Mangroves are among the most carbon-rich forests in the tropics due to their capacity to sequester and store carbon within their ecosystems. However, the combination of natural and human-induced phenomena causes changes in these ecosystems which can affect the flow of carbon within them. In the wet and dry seasons, we examined and compared the carbon content stored in aboveground biomass, standing litter, and soil in natural, degraded, and restored mangrove ecosystems located along the Guyana coastline. During a one-year period, a point-centred quartered method was used for tree sampling, while a randomised block design was used for standing litter and soil sampling.
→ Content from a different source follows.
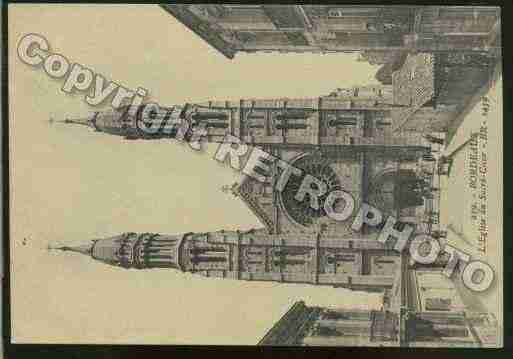 Ville de BORDEAUX Carte postale ancienne Ville de BORDEAUX Carte postale ancienne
Our study revealed that the natural ecosystems exhibited higher carbon pool levels (29.58–35.14 Mg ha⁻¹), followed by the degraded ecosystems (30.49–32.27 Mg ha⁻¹), and then the restored ecosystems (22.81–27.63 Mg ha⁻¹). Significant differences were documented only in carbon found in aboveground biomass between ecosystem states, particularly within the natural ecosystems, due to the presence of mature trees with larger diameters at breast height. While seasonal fluctuations exist between the various carbon pools, particularly within the degraded ecosystems, our findings yielded insignificant differences between seasonality for all three carbon pools. However, linear mixed-effect models revealed that seasonality may influence the soil and standing litter carbon concentrations to an extent. Positive correlations in the restored ecosystems suggest that the larger carbon stocks in aboveground biomass may be associated with carbon stocks in soil and standing litter, unlike the negative correlations seen in the natural and degraded ecosystems. Our study provides some evidence that the overall carbon storage capacity of mangroves is influenced by the current state of their ecosystem, that is, ecosystems characterised by minimum disturbances may possess a greater capacity for carbon storage in comparison to ecosystems that are currently experiencing or have recovered from disturbances.